A esos hombrecillos les conozco el espiche, como dice mi papá. Los reconozco a leguas. Son formalitos. Se los encuentra uno en los supermercados empujando el carrito, con una barriga de pequeño burgués, los zapatitos embetunados y ropa de Almacén Carmelita. O se los halla uno saliendo de la panadería de la esquina, con una bolsa de pan, mientras el mundo va a un despeñadero. Sus hijos estudian en el mejor colegio de la ciudad y discuten sobre el carro nuevo, el apartamento lujoso o el disco de Shakira. De hecho, sólo cuentan con el voto suyo y si acaso con el de su mujer, pero están enganchados en una institución oficial u otra privada manejada por los políticos, donde lograron entrar gracias al tráfico de influencias usual en estas tierras caribes. Algunos se graduaron en la Universidad que el tramitador de certificados falsos, El Garrafón tiene montada en el parque Santander y aunque tuvieron altibajos, un rato de suerte los equilibró en sus puestos. Algunos de ellos son caminantes y pintaron el mapa de la prosperidad o fueron cursillistas de no sé que movimiento católico, para estar más cerca de las decisiones de los altos jerarcas. En sus posiciones burocráticas sólo esperan que pase el tiempo para lograr una jubilación y dedicarse a llenar crucigramas, jugar dominó y arrancón bajo un palo de laurel.
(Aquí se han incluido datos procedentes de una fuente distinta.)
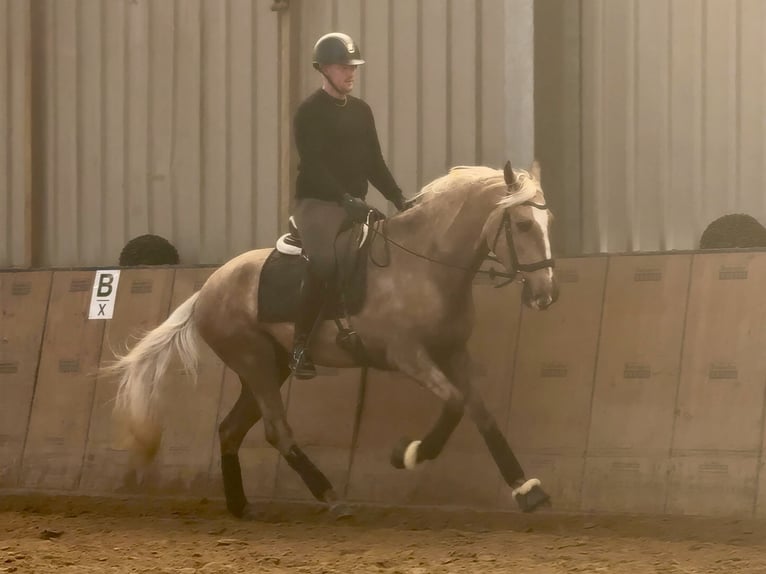 Cruzado Caballo castrado 4 años 160 cm Palomino in Neustadt (Wied)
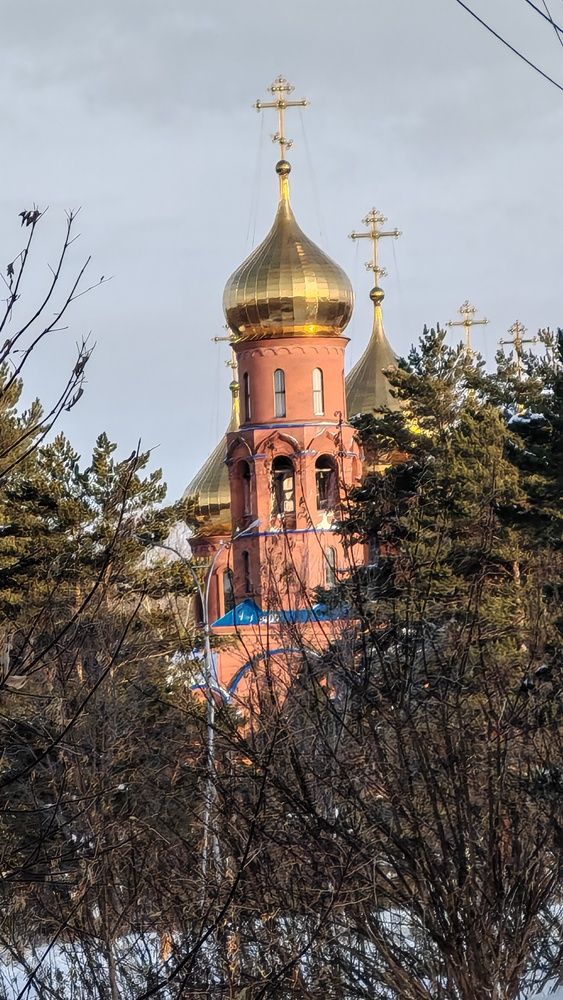 Фотография автора Наталья Шендяпина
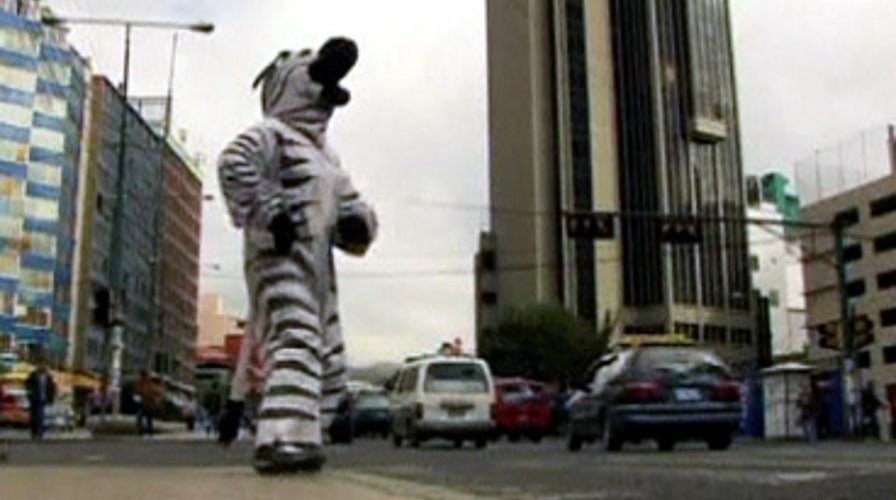 Zebra Suit Up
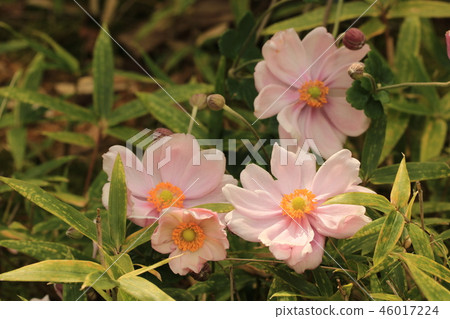 花 花 46017224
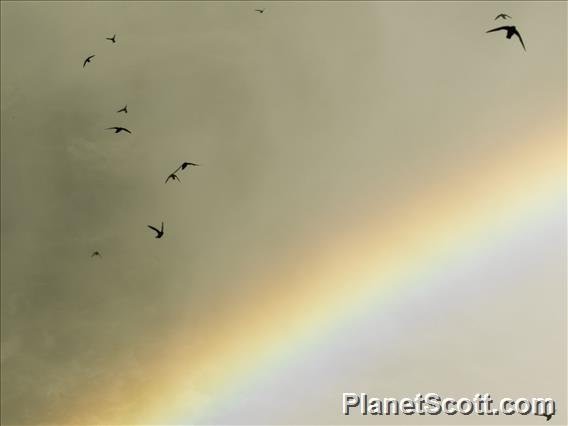 Great Dusky Swift (Cypseloides senex)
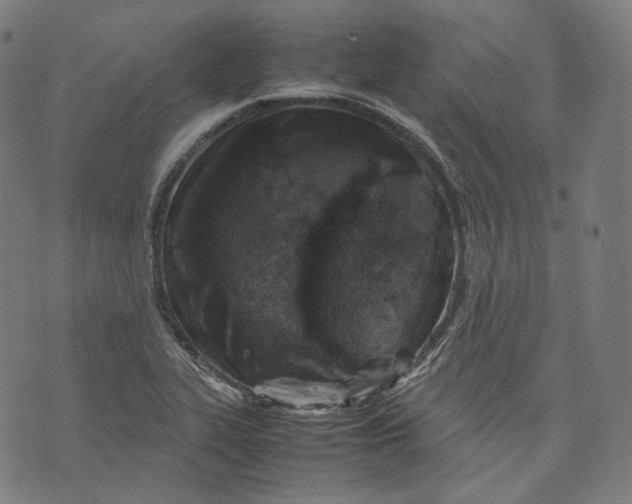 X0000074211319200609151546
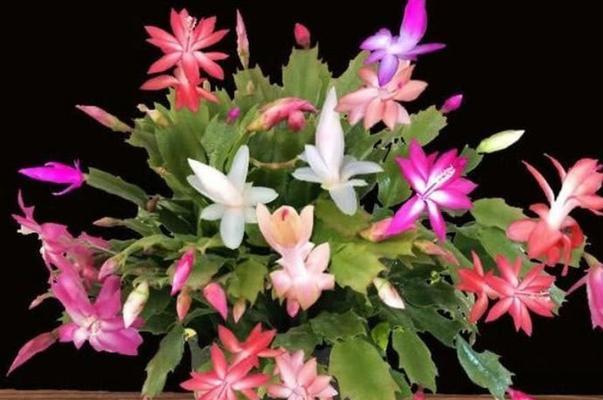 新手养什么花好？适合初学者的花卉推荐及养护技巧？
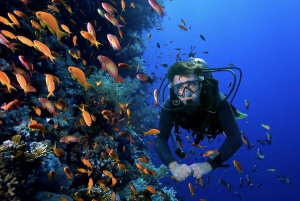 Gili Islands: Scuba dive - Indonesia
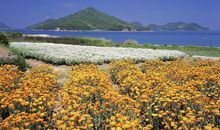 逗老情人开心的句子 逗女人开心的句子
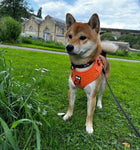 Autumn Sun orange fleece harness - adjustable dog harness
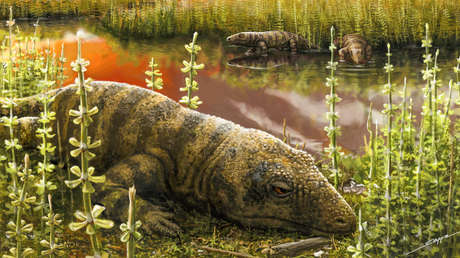 Hallan en España el esqueleto casi completo de una nueva especie de reptil de hace 270 millones de años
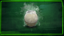 Smokey!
Por la vida uno se va encontrando estos hombrecillos. Son los primeros que se oponen a la gente talentosa que llega a esas instituciones y proponen cambios. Para ellos todo está bien. Le tienen miedo al cambio. Y son, por supuesto, los primeros en votar en las elecciones, claro, por el mismo de siempre.
... Ese tipo de hombrecillos, de tantos que infortunadamente uno va encontrando en casi todas las instituciones, no van a cambiar el mundo, pero no se dan el lujo de cometer errores. Y las instituciones donde cayeron con base en el lagarteo, no están preparadas para una arremetida de la competencia en este mundo globalizado, porque se quedaron en el tiempo. Se les olvidó que la única manera de mantenerse jóvenes es seguir estudiando.
Esos hombrecillos, cómodamente instalados en la realidad, los hay por todas partes. Hablan bien de los políticos de turno, les hacen el mandado. Algunos fungen de periodistas. Otros creen que no hay nada nuevo bajo la luz del sol y se dedican a contar los días, mientras llega la quincena. Esos hombrecillos no demarcarán el derrotero de un nuevo Sucre ni una mejor Colombia.
Sucre y Colombia necesita de hombres arriesgados, que se atrevan al cambio, que sean francos y transparentes: que no se embriaguen como un chevrolito porque algo les salió bien. Se necesita de hombres que se atrevan a cometer errores, que propongan, que pregunten, que cuestionen, que feliciten solo cuando haya que hacerlo, que establezcan una verdadera relación de cotidianidad, como mi paisano Jorge Ramírez Caro, que a sus 42 años, acaba de ganar el premio Ateneo de Novela en España, porque se atrevió a derrotar el realismo mágico del Macondo tentador de Gabriel García Márquez, que tanto daño le ha hecho a los nuevos narradores colombianos.
De Ramírez es la siguiente frase: “A veces el ejercicio de la crítica encuentra su principal obstáculo en el miedo o en el servilismo: tememos disentir porque somos fieles, obedientes y serviles. No queremos ser puestos al margen ni en contra del centro. Queremos cortejar, agasajar y complacer a todo aquel que represente un peldaño para nuestro ascenso”.